Smith’s sense of history is pegged to her own history. Shoulda Been Jimi Savannah is the book that chronicles the growing up of Patricia Smith. Jimi Savannah captures not just the story of a girl raised in a house with a disappointed mother and a loving father who couldn’t stay faithful, a girl who is too good in school and not quite good enough at school dances, a girl who sees and remembers what passes right by most people in the dailiness of growing up. Smith’s parents came up from the south as part of the Great Migration, but like a lot of immigrants, they didn’t know how to teach their city-born daughter what she needed to learn. Even when Smith directly asked her mother about her Alabama childhood, the reply was, “Girl, why you wanna know about all that country stuff? We’re better than that now.” As Smith says, “A lot is written about that generation, but not much about that first confounded group of city- dwellers, children whose parents had traded creeks and front porches for fire hydrants and tenements.” “True That” a short, pointed poem in a book full of long, lush narratives and descriptions, captures that confusion.

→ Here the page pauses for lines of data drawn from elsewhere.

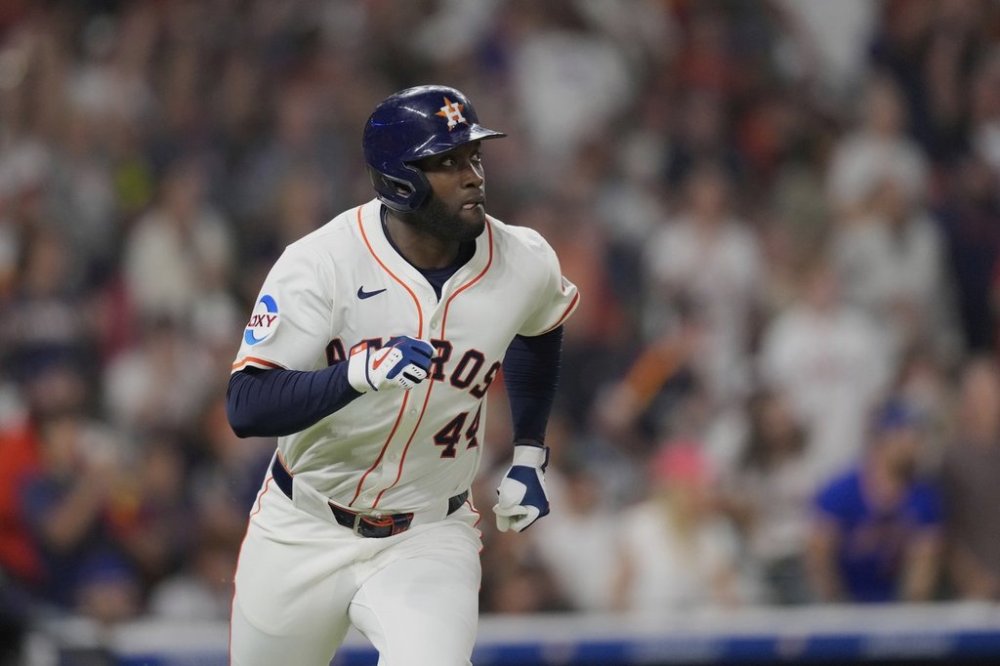 Houston Astros' Yordan Alvarez watches his RBI double against the New York Mets during the sixth inning of a baseball game Saturday, March 29, 2025, in Houston. (AP Photo/David J. Phillip)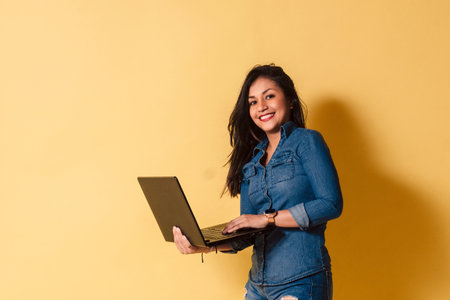 Portrait of happy young woman holding laptop smiling look camera over yellow background.の写真素材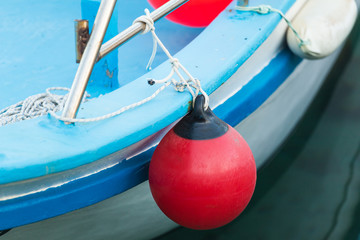 Red buoy for protecting moored yachts in marina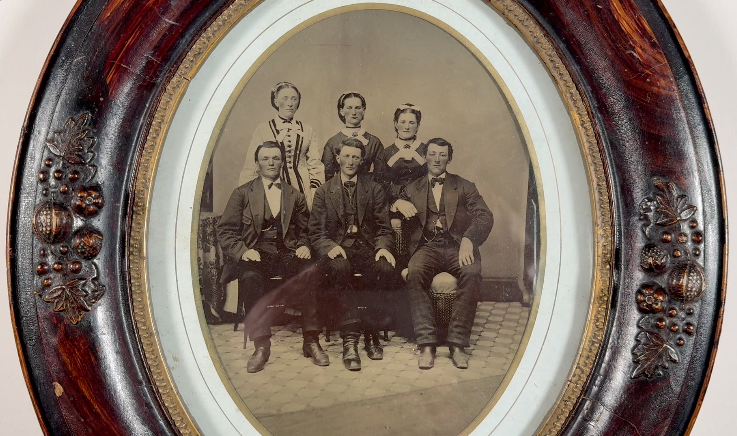 Tintype portrait of a group of six well-dressed young people, three brothers and their three sisters, with a thin paper mat and an ornate antique oval picture frame.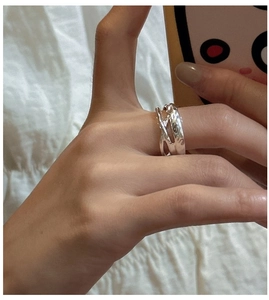 Close-up of minimalist S925 sterling silver ring with textured crossover layered design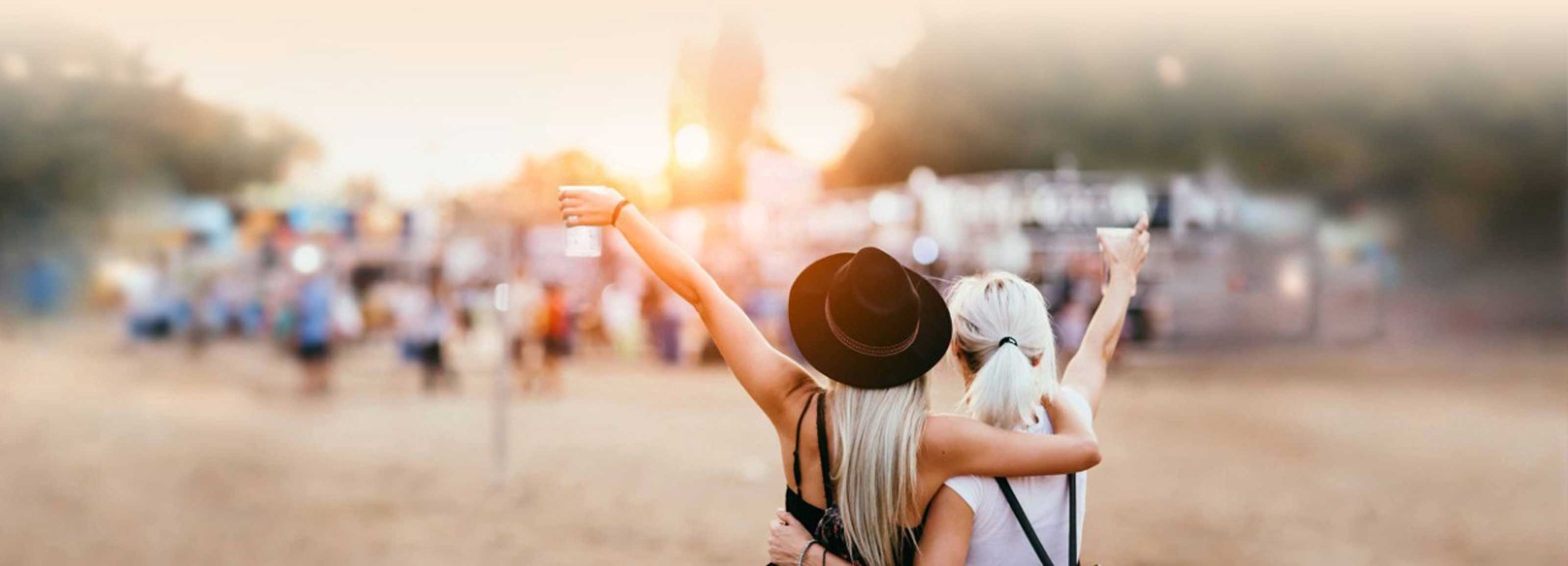 Zwei Festivalbesucherinnen stehen vor dem Festivalgelände und freuen sich auf das Event.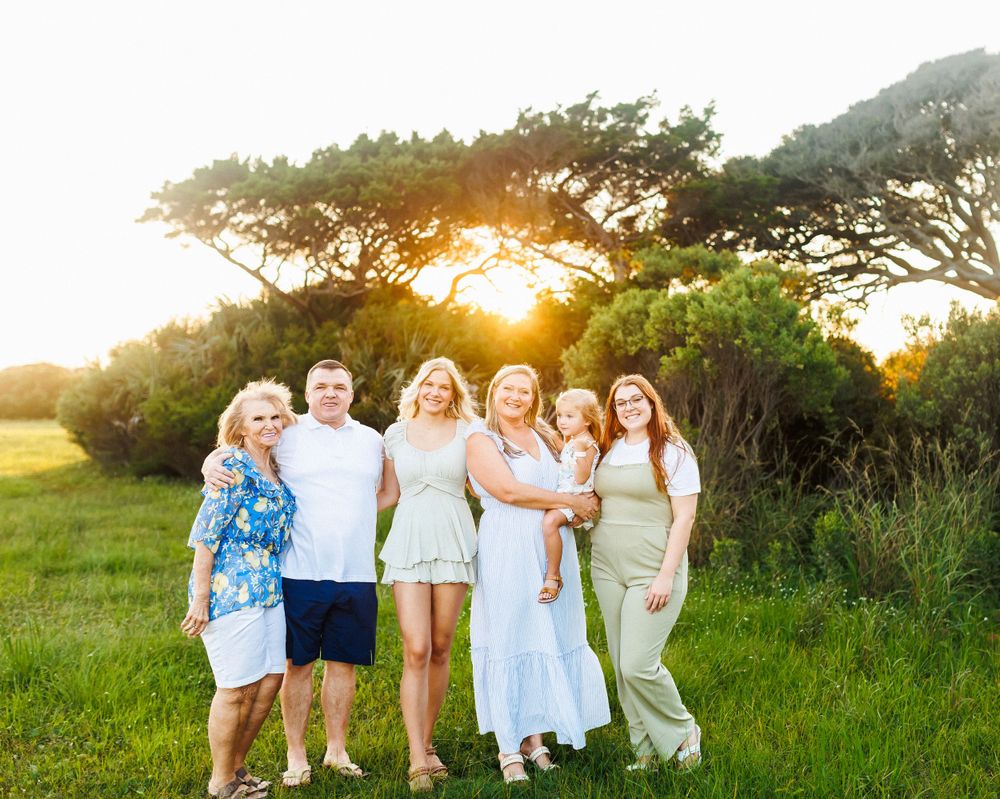 Multi-generational group standing together in a grassy field at sunset with trees in background.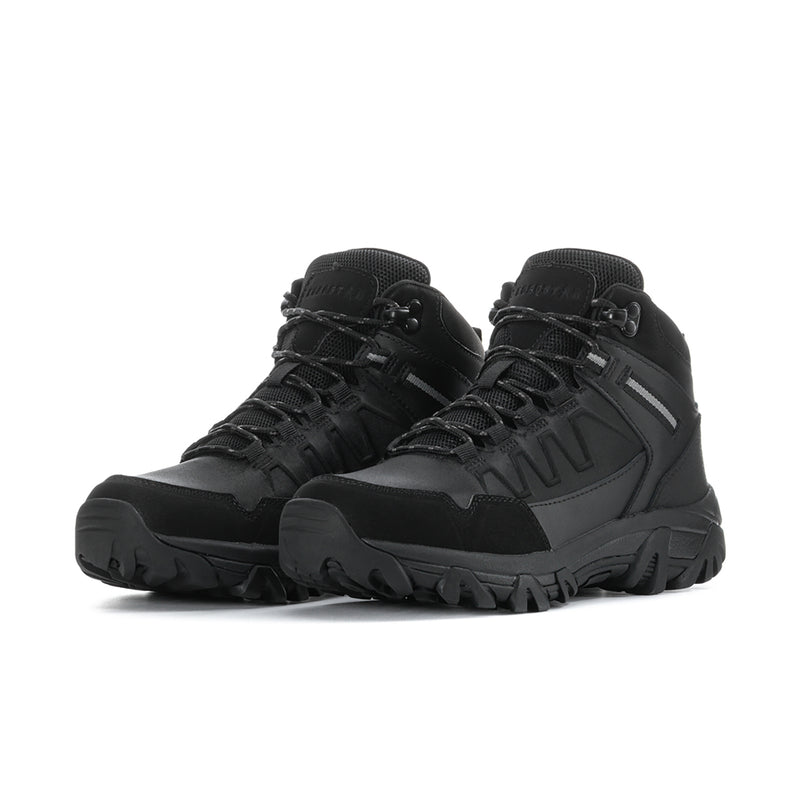 Men's black lace-up mid-top boots, rugged paneling and chunky tread sole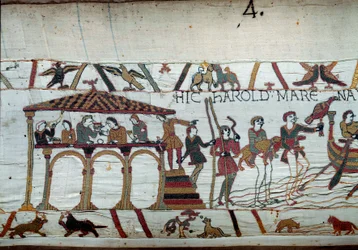 Harold je poslán anglickým králem Edwardem Vyznavačem do Normandie, aby informoval vévodu Viléma Dobyvatele (1027-1087), že bude jeho nástupcem Anglické koruny: poslední jídlo na souši před naloděním do Normandie Detail tapisérie z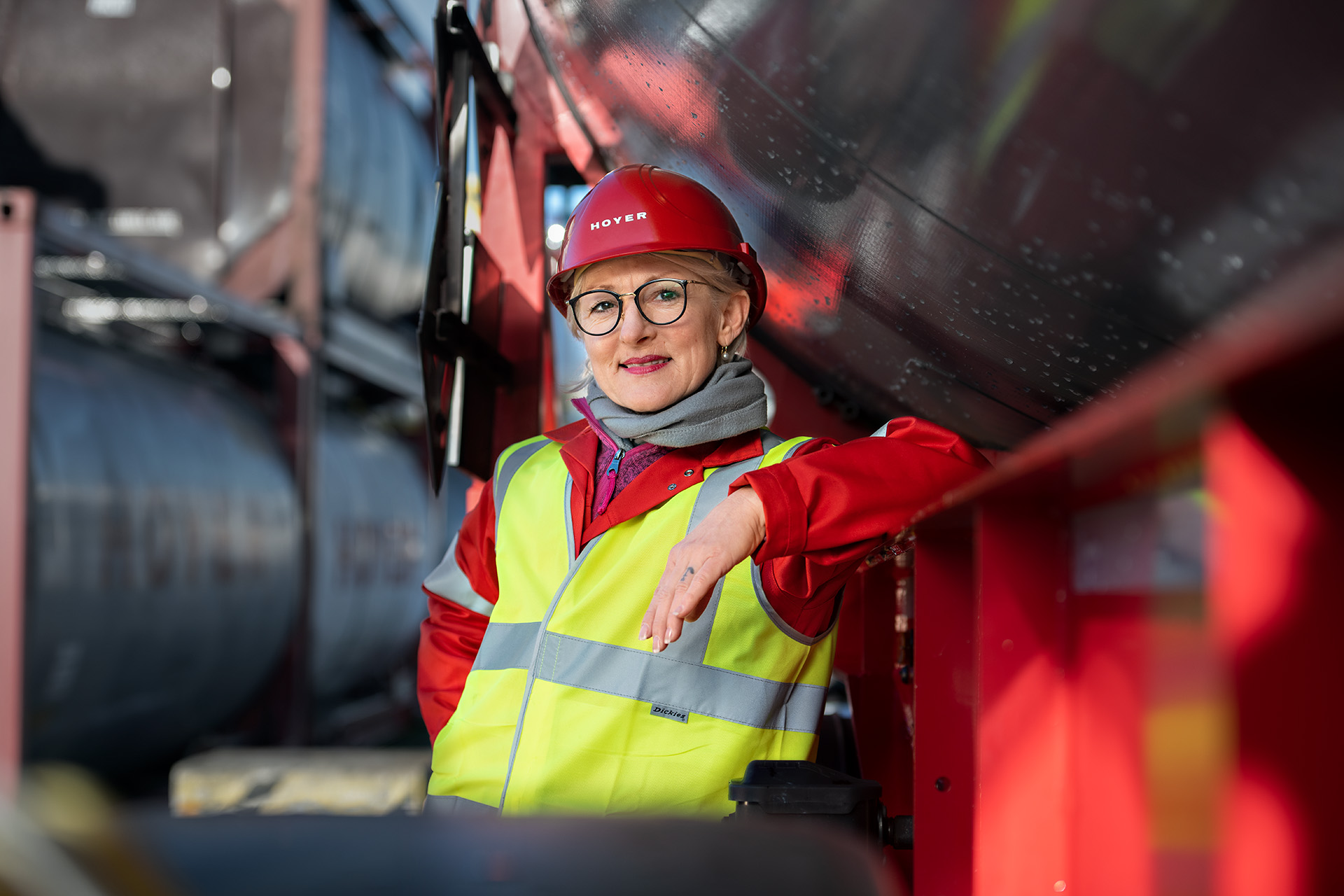 HOYER Fahrerin lehnt an einem Tankcontainer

           In my neighborhood
           I got jumped
           because my daddy lived at home.
           when he didn’t live at home anymore,
           I got jumped
           because he had the nerve
           to visit.

A huge part of the story of Patricia Smith is soundtracked by Motown. Her first book is called Life According to Motown, and throughout her books, the music and the artists recur. Motown isn’t just music for Smith, it’s a metonym of the sensuality, terror, and joy of adolescence: the thrill of fandom and the blush of fantasy. Motown is sensation: Fontella Bass shows up in a few poems, and you taste the sparkling/sour of her hit, “Rescue Me” and the brass lozenge of her name on your tongue. “Motown Crown” is a crown of sonnets, each poem focusing on a different artist. Smith uses juxtaposition to show, among other insights, the clash of glamour and talent. A poem about idolizing Diana Ross hinges into a sonnet about Mary Wells: all talent, little glamour.

            But Mary Wells, so drained of self-esteem,
            was a pudgy, barstool-ridin’ bucktoothed dream
            who none of us would dare to idolize
            out loud. She had our nightmares memorized
            and like or like it not, she wailed our theme
            while her too-blackness made us ill at ease

            When Mary’s My Guy blared, we didn’t think race,
            cause there was all that romance, and the keys
            that Motown held. Unlocked, we’d soon ignite.
            We stockpiled extra sequins, just in case.

“I’m trying to take the reader through the experience of a mother.”

But that West Side childhood also introduced the themes that underpin nearly all of Smith’s writing, even the funny ones: the violence of communities struggling to make a new northern history out of scraps and anger, the violence of indifference from the dominant white culture that easily turns away from stories and toward statistics to feel better about itself, the violence of loving someone wholly knowing that skin color and zip code lengthen the odds of that love having the luxury of a whole lifetime. These themes play out in all of Smith’s books, but Close to Death and the even darker and tighter Incendiary Art lock onto readers like handcuffs, pinning us to the moment and leaving marks when we’re released. These books are ostensibly about how America sees young Black men as disposable and interchangeable, which (as white America intends?) leads them to see themselves that way, too. In her introduction, Smith writes that young Black men are wearing clothes emblazoned with “C2D” or “close to death” because “so many of them are.” For all the poems about the young men themselves, two other often ignored constituencies come into the frame in these books: Black men who have made it to old age and who don’t seem to be grounded in how to be old because it’s so unexpected (see “Waiting for Louis to Spill the Beans” in Close to Death), and the mothers of these men.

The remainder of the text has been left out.